## [REQUIREMENT]
Please reproduce the listing word for word. Pictures stay out.

## [SOURCE MATERIAL]
★ ★ ★ ★

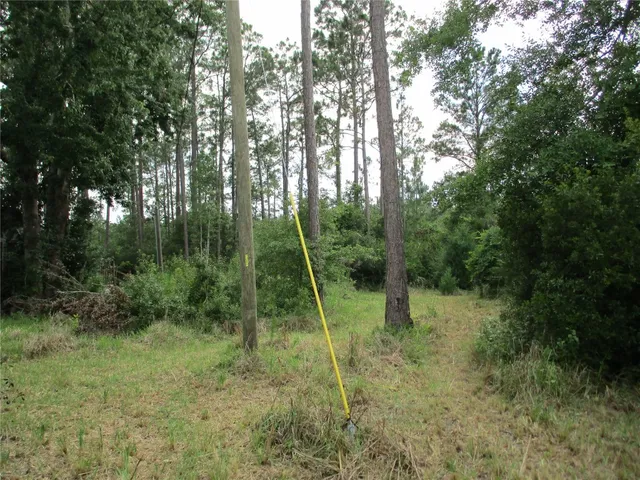 a view of a forest with trees in the background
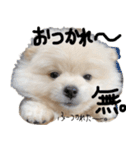 ポメラニアンあまみ君の1日（個別スタンプ：6）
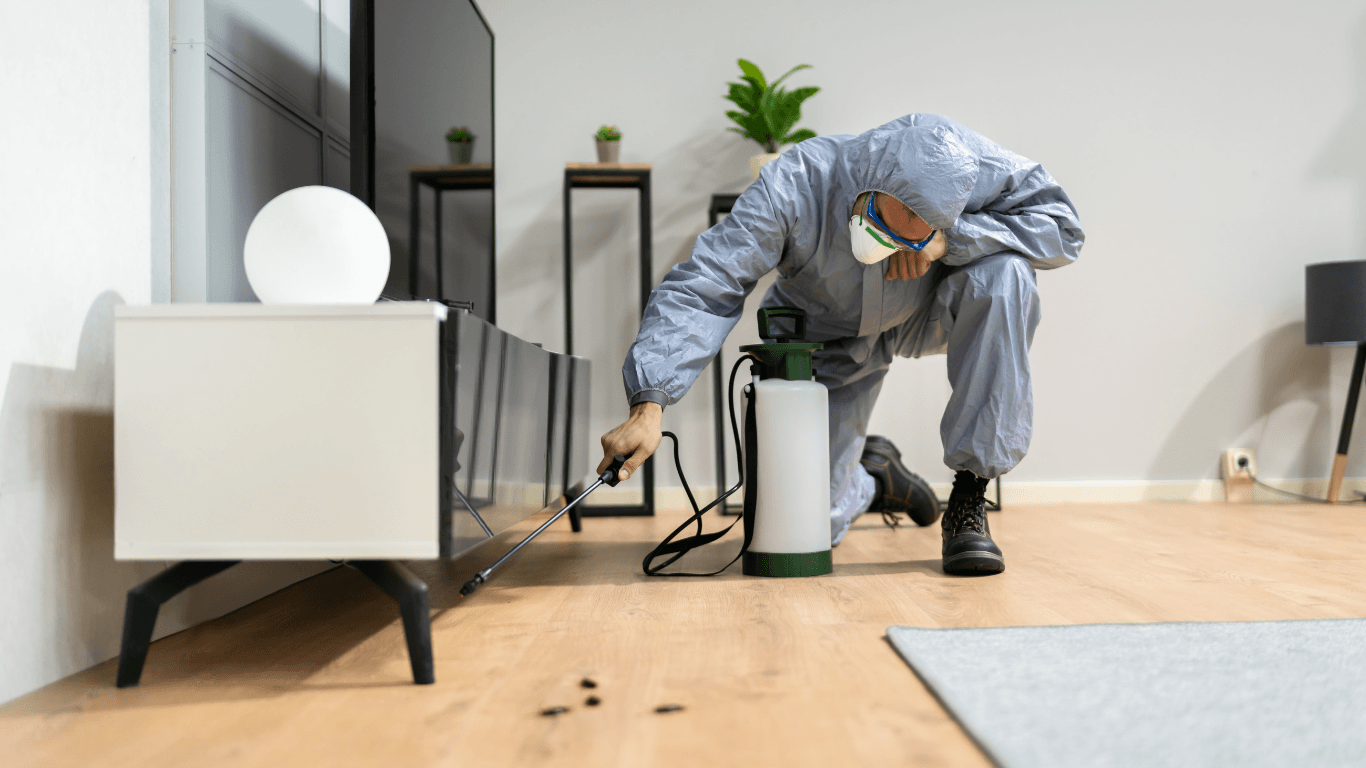 Professionelle Schädlingsbekämpfung im Einsatz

★ ★ ★ ★

## [RESULT OF THIS TASK]
 a view of a forest with trees in the background
 ポメラニアンあまみ君の1日（個別スタンプ：6）
 Professionelle Schädlingsbekämpfung im Einsatz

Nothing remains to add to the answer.